The other day I listened to episode 17 of the Full Stack Radio, which was about conferences and how to get the most out of them. Apparently, a lot of speakers over-think their subject and talk about it on a meta-level. They talk about code instead of showing it. One reason for this is the fear that knowledge about the small and daily things is to insignificant for a talk at a conference, so speakers choose topics that promise to have more impact, like groundbreaking new concepts. Following the podcast episode mentioned above, the “small” everyday things are very valuable for other developers. I think that is the same mechanism as doing pair programming instead of explaining some abstract coding or architecture guideline. Seeing how it gets applied to real code, learning a new shortcut for your IDE or just following the thought patterns of another developer can have a huge impact for your productivity.

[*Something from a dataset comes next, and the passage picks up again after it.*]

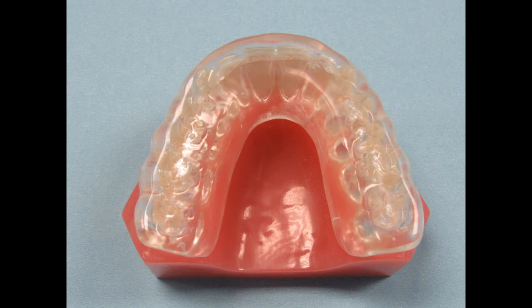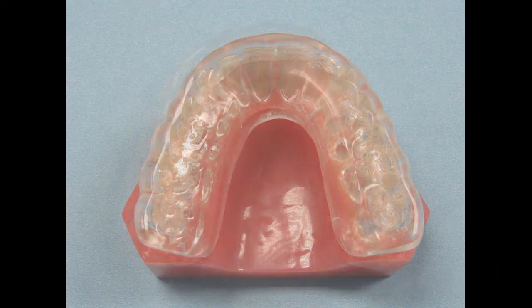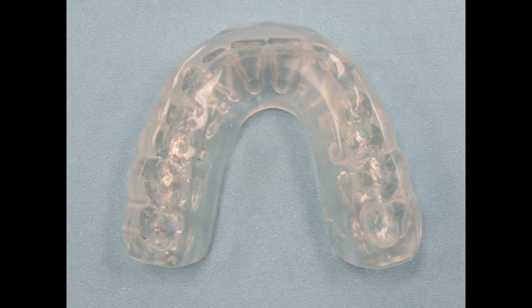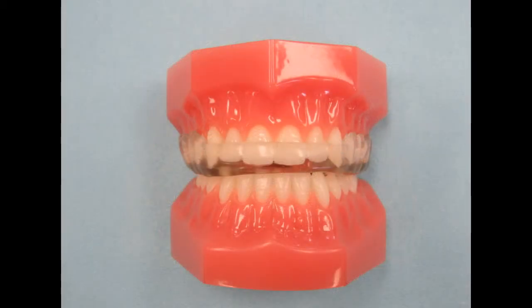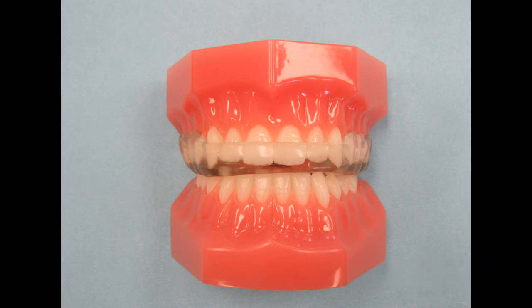A special night guard that we fabricate is the Talon night guard. It's made with a thermocryl inner shell and a hard acrylic outer shell. The patient heats the inner portion under hot tap water, which softens the acrylic to make it easier to insert. As the thermocryl inner shell cools down, it hardens to the same strength as the outer shell and locks into the undercuts. This process makes it very retentive without the need for clasps. The appliance can be worn on the upper or the lower arch, whichever you or the patient prefers. This night guard is thinner than the hard-soft night guard. The occlusal surface can have any depth of indents or no indents at all — please let us know how you would like us to finish it.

Until now, nearly all of my articles have been about one topic that gets dissected in detail. As an experiment, I’m going to write a “What I have learned” article each month. This article will contain important new things I came in contact with in a very short and bullet point -like fashion. Documenting the small things I learned in the last couple of weeks forces to me rethink them and could help other developers out. Let’s see where that takes us. :)
Here’s what I’ve learned in May 2015:
- Why Continuous Delivery is important
- In my last project, we had a JUnit test setup that used an in-memory HSQLDB for testing. I used this without knowing in detail how it worked. To understand in retrospect, I wrote code that does something similar. You can see it here.
- Learned about some security topics and cloud storage by setting up an OwnCloud with server-side encryption and TLS.
- Installed RedPhone and TextSecure by Open Whisper Systems
Let me hear what you think of this new format - is it a nice overview of interesting things or just noise? ;)
TL;DR
I will write a short article about what I’ve learned every month from now on.